6 thoughts on “Why did normal order go away?”

  1. The link to HR 325 doesn’t work for me. Here’s another.
    The suspension trick is neat. It can of course be reused indefinitely, including Section 2 freezing the pay of Senators until the end of the Congress unless they agree a budget by concurrent resolution, i.e. normal order. Harry Reid must be trembling. Somehow I think Senators can get payday loans on slightly better terms than Wal-Mart shelf stockers.

  2. A27: No law, varying the compensation for the services of the Senators and Representatives, shall take effect, until an election of Representatives shall have intervened.

    1. Section 2 tries (according to its own text) to get round the constitutional ban by merely deferring payment. In common sense and Econ 101 logic, that’s indeed “varying the compensation”; but clearly some lawyer told Boehner the House GOP could get away with it, and with the Roberts Court, you never know. They might rule the sections are not severable and strike the whole bill.

  3. PS: HR 325 has just passed. A huge victory for President Obama. He refused to negotiate on any terms but surrender and won. Come May, if the GOP tries again, the precedent is on his side. The threat to trigger default will be even less credible.

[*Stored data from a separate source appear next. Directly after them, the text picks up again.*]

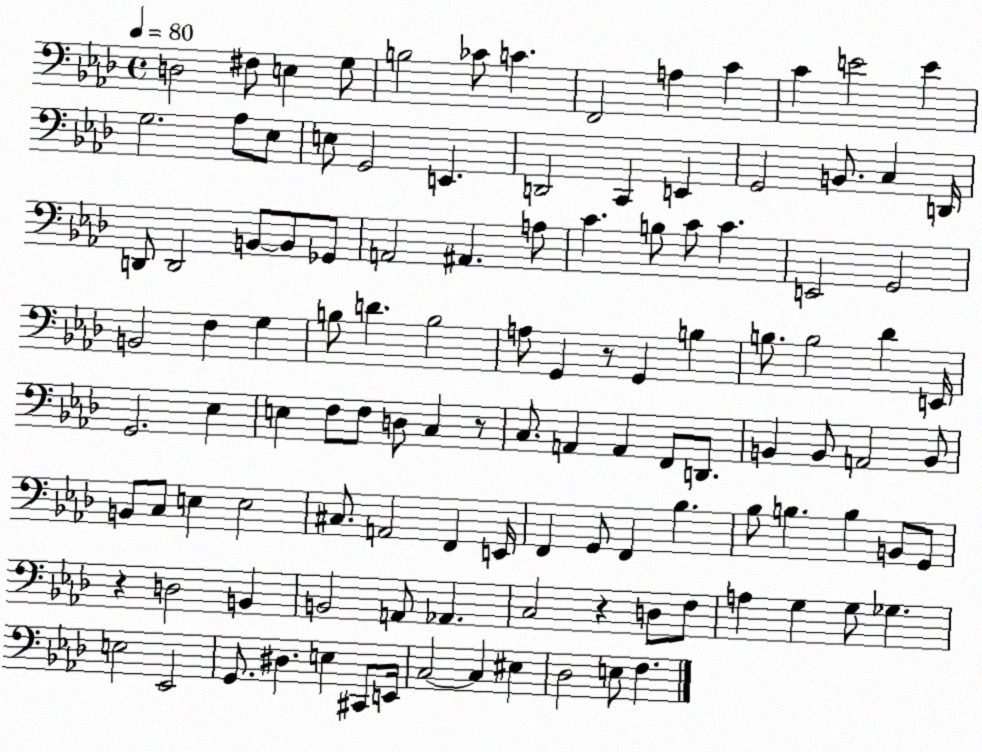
X:1
T:Untitled
M:4/4
L:1/4
K:Ab
D,2 ^F,/2 E, G,/2 B,2 _C/2 C F,,2 A, C C E2 E G,2 _A,/2 _E,/2 E,/2 G,,2 E,, D,,2 C,, E,, G,,2 B,,/2 C, D,,/4 D,,/2 D,,2 B,,/2 B,,/2 _G,,/2 A,,2 ^A,, A,/2 C B,/2 C/2 C E,,2 G,,2 B,,2 F, G, B,/2 D B,2 A,/2 G,, z/2 G,, B, B,/2 B,2 _D E,,/4 G,,2 _E, E, F,/2 F,/2 D,/2 C, z/2 C,/2 A,, A,, F,,/2 D,,/2 B,, B,,/2 A,,2 B,,/2 B,,/2 C,/2 E, E,2 ^C,/2 A,,2 F,, E,,/4 F,, G,,/2 F,, _B, _B,/2 B, B, B,,/2 G,,/2 z D,2 B,, B,,2 A,,/2 _A,, C,2 z D,/2 F,/2 A, G, G,/2 _G, E,2 _E,,2 G,,/2 ^D, E, ^C,,/2 E,,/4 C,2 C, ^E, _D,2 E,/2 F,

    1. I’ll have to give a nod to Mark Kleiman. He predicted in an earlier post that the plutocrats would blink and they did. I think the R’s recent pow wow probably had a lot to do with this shift. They want to win bad in 2014. So perhaps they’re done with “principled tantrums” for now and they’ll shift tactics to… what?

  4. “You could say POTUS walked away from his own commission” – but given that the commission failed to agree on a proposal there wasn’t much to walk away from. There was a proposal which the two chairs of the Commission agreed to, but look at how the members of the commission from the House of Representatives voted on that proposal:

    Xavier Becerra (D) – no
    Dave Camp (R) – no
    Jeb Hensarling (R) – no
    Paul Ryan (R) – no
    Jan Schakowsky (D) – no
    John Spratt (D) – yes

    Five of the six voted against it, including all three Republicans. I think that Obama’s decision to try to negotiate a deficit reduction deal with Boehner was based on a realistic assessment that the proposal drafted by Simpson and Bowles had no change of passing in the House.